━━━━━ Provided data

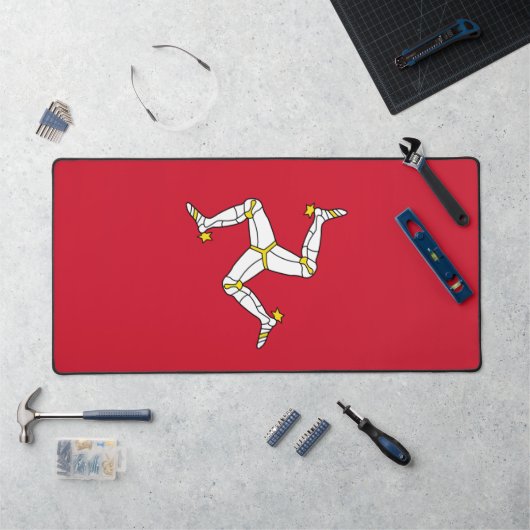 Desk Mat with flag of Isle of Man, UK デスクマット (ワークステーション)
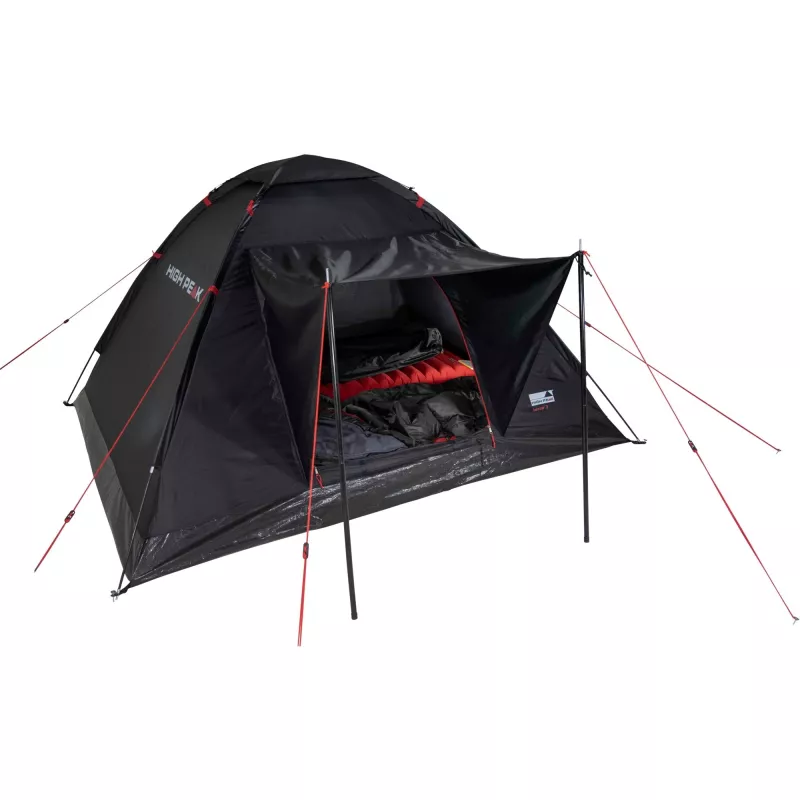 Piramidinė palapinė High Peak Beaver 3, 3 asmenų, kietas rėmas, atspari vandeniui 150 cm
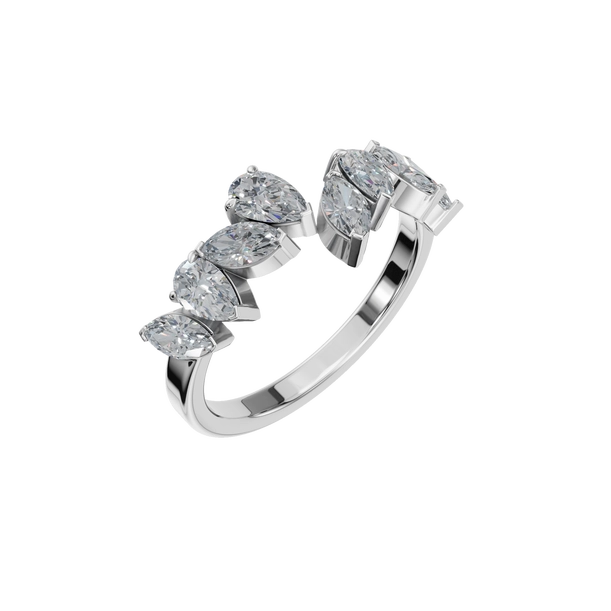 Natural Diamond Cluster Statement Ring – A Symphony of Shape and Sparkle - Image 5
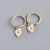 925 Sterling Silver Elegant Heart Heart Silver Diamond Inlay Stud Earrings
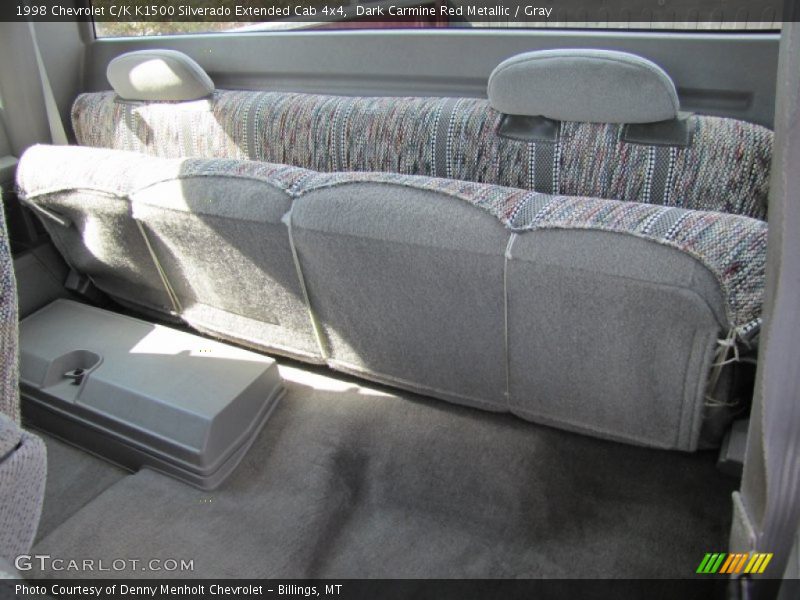 Rear Seat of 1998 C/K K1500 Silverado Extended Cab 4x4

━━━━━━━━━━

=== Work request ===
Only the lines from the one that contains "925 Sterling Silver" to the end of the records, inclusive, are to be quoted exactly, with pictures excluded.

=== Reply to the exercise ===
 925 Sterling Silver Elegant Heart Heart Silver Diamond Inlay Stud Earrings
 Rear Seat of 1998 C/K K1500 Silverado Extended Cab 4x4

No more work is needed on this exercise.